Harlequin romance

I actually went through a period in my life when I was addicted to Harlequin Romances.  It was after I was widowed and I missed loving, being loved, aka sex.  I found an HR book somewhere, read it and cried. I missed being held and the goopy little romance reminded me of what I was missing.  I read more such books.  i called them safe sex.  I got over them soon but for a few months I was reading about five a week.  Silly me. 

I'd forgotten about them until the other afternoon when I was checking out my mini-tablet  (no WiFi on  the bus) and found some free downloads of Harlequin Romances - no idea where they came from - but I thought, how bad can they be?  I used to read them, after all.

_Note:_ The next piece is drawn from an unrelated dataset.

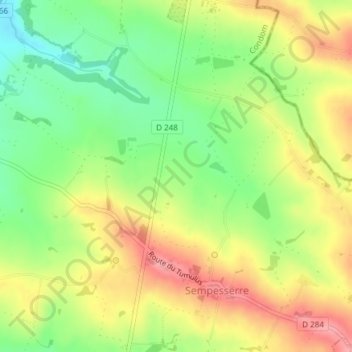 Topografische Karte A Labourdasse, Höhe, Relief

In a matter of minutes, I switched off Minnie - aargh! - what a terrible book!  The grammar was appalling; the choice of words was ridiculous and often inaccurate; the emotions were unbelievable; and the focus on the wrong kind of details totally insulting. Oh dear.  

At one time, when I was flailing around trying to make a living, I thought I might try writing one of those soppy, happy stories, but found I could not.  It's trickier than it looks.  At times in my career I have been a writer-in-residence at various libraries where I had to read  writing samples of wannabe writers.   I could spot a fake attempt at an HR in the first few paragraphs, especially the ones by men.  They simply were not authentic.

The late novelist, John Gardner, (1933-1982),  who was a fine creative writing teacher and a great influence on Raymond Carver, for one,  commented on this kind of kitschy writing. He said , "Not everyone is capable of writing junk fiction. It requires an authentic junk mind."  

I just don't have it.  Too bad, I guess.   Harlequin writers make a lot of money.